• _EXERCISE BRIEF_
Before returning the data, strip out the pictures and keep everything else exactly the same.

• _DATA_
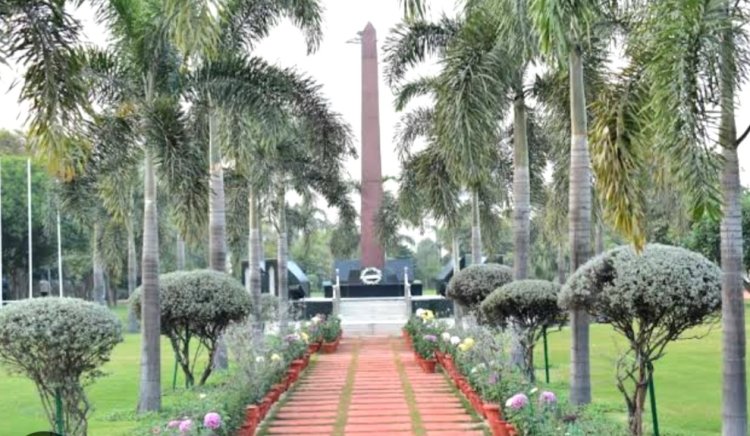 The country's only tri-services memorial, it was dedicated to the nation by the then three service chiefs.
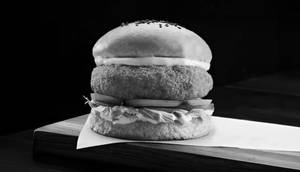 1 Orio milkshake + 1 Veg crispy burger                                                                                                     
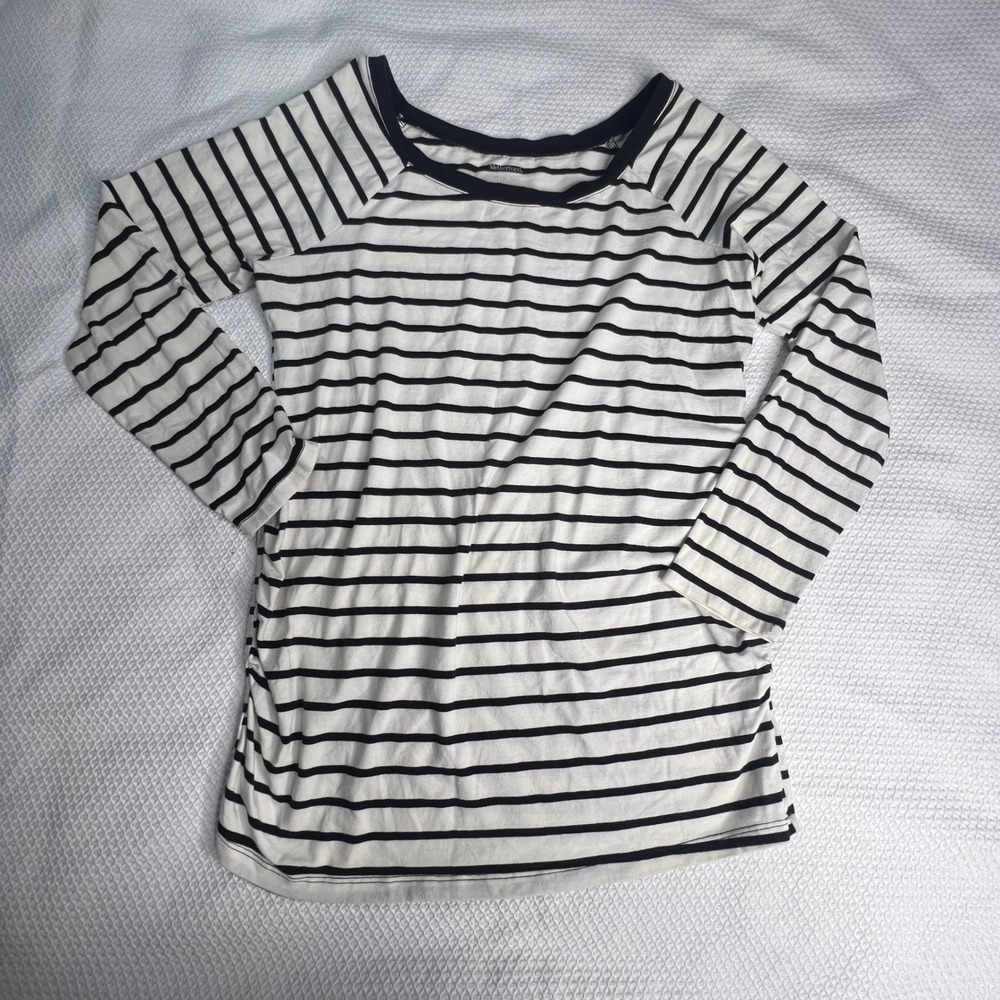 Motherhood Maternity Black and White Striped Long Sleeve Tee sz Medium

• _PROBLEM SOLUTION_
 The country's only tri-services memorial, it was dedicated to the nation by the then three service chiefs.
 1 Orio milkshake + 1 Veg crispy burger                                                                                                     
 Motherhood Maternity Black and White Striped Long Sleeve Tee sz Medium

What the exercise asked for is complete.